Examine Program 1, which ensures that the memory we wish to reserve starts on a particular boundary. Remember that full character sets (128 characters) must start on 1K memory boundaries, and half sets must start on 512-byte boundaries. There are similar rules for player/missile graphics (see “Atari Animation With P/M Graphics,” a three-part series starting in the September 1985 issue of COMPUTE!). If you actually type in and run the programs below, you’ll be in for a little surprise. But do not omit the REMark statements from Program 2, or you’ll miss half the fun. Feel free to omit them from Program 1. For the programs to function properly, you must save Program 2 with the filename PROGRAM2.BAS (see line 900 of Program 1). If you’re using cassette instead of disk, change line 900 in Program 1 to RUN "C:" and make sure the tape is cued to Program 2 before you run Program 1.

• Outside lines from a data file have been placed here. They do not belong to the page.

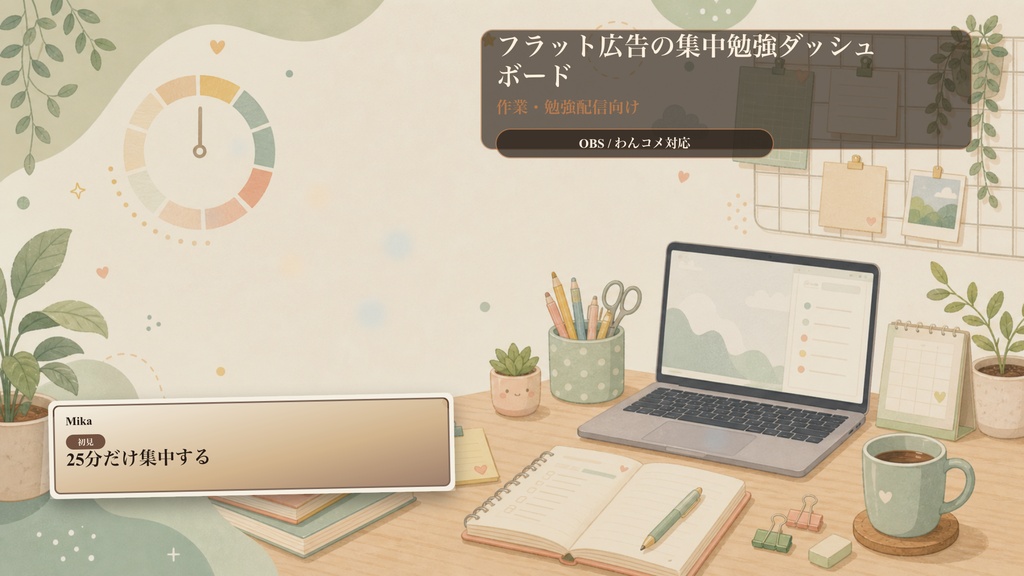 フラット広告の集中勉強ダッシュボードコメントオーバーレイ｜OBS・わんコメ対応テンプレート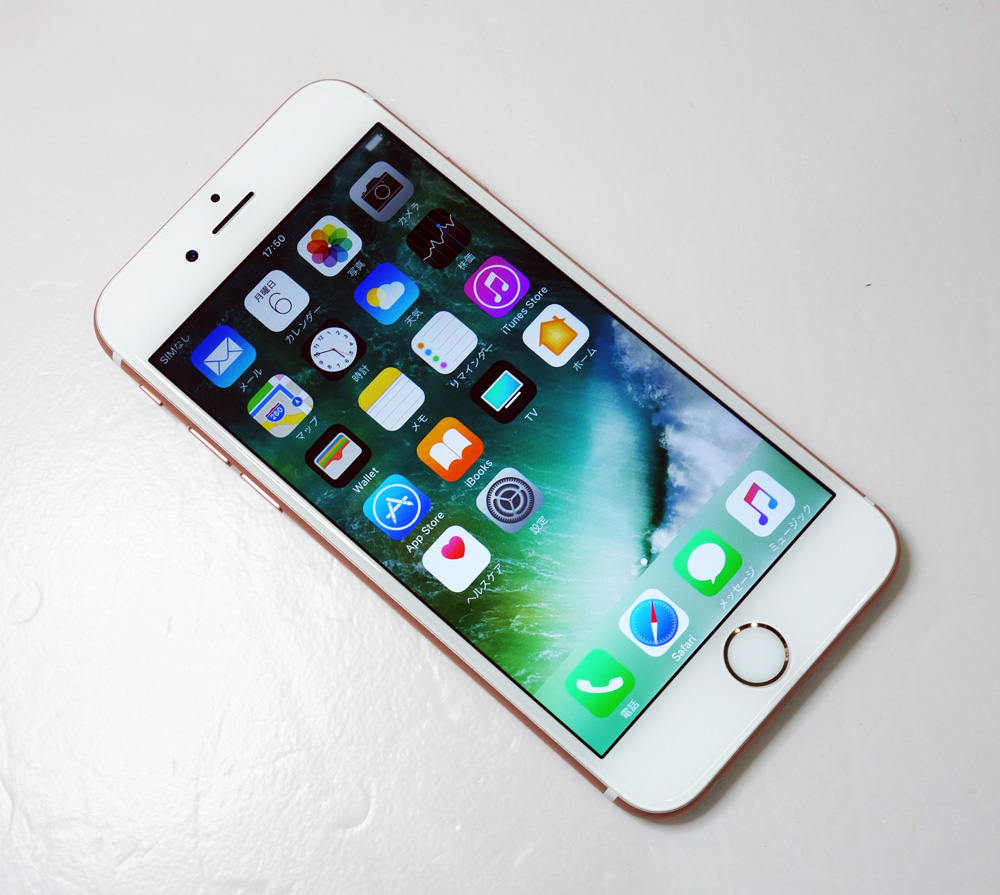 【中古】★au・超美品です！★au Apple iPhone6s 64GB NKQR2J/A Rose Gold [163]【福山店】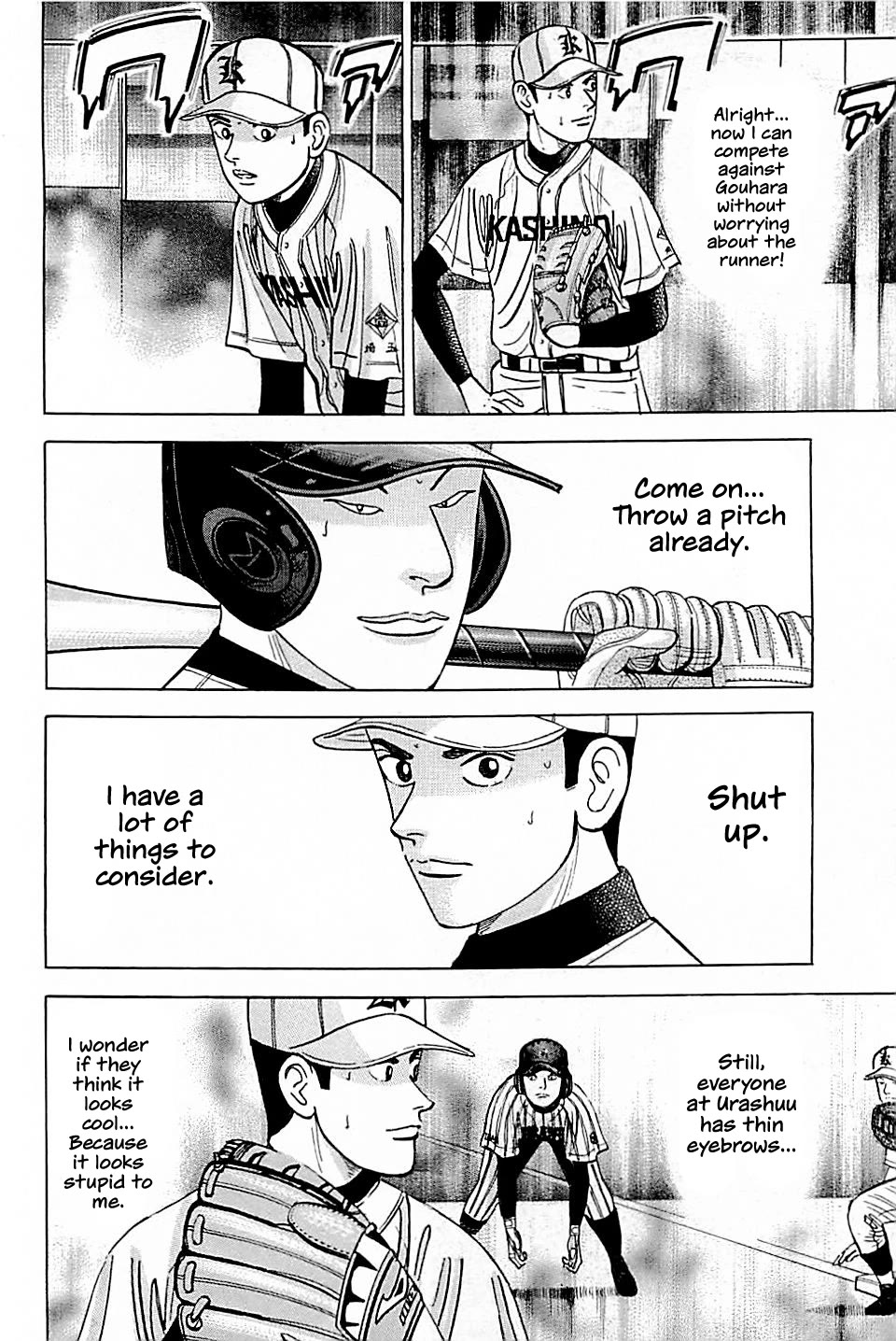 Suna no Eikan Chapter 28 page 10 - Chapter 28: Urashuu's No.4: Gouhara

A minor caution: The reason we base the changes to LOMEM on the contents of locations 128 and 129 (BASIC’s internal MEMLO pointer) instead of the actual LOMEM contents is complex. I have discussed it in this column before, but the heart of the problem is that some Atari device drivers (including the 850 Interface Module’s R: handler) do not correctly restore LOMEM when the SYSTEM RESET button is pressed. After a reset, BASIC’s pointer is more reliable. For the same reason, and for safety’s sake, programs bumping LOMEM should always bump it higher than the top of the BASIC program currently in memory. And one last piece of advice: If you run Program 1 over and over again, it keeps raising LOMEM higher and higher. Eventually you’ll run out of memory. You probably need some sort of flag elsewhere in memory (Page 6?) which tells the program not to raise LOMEM again.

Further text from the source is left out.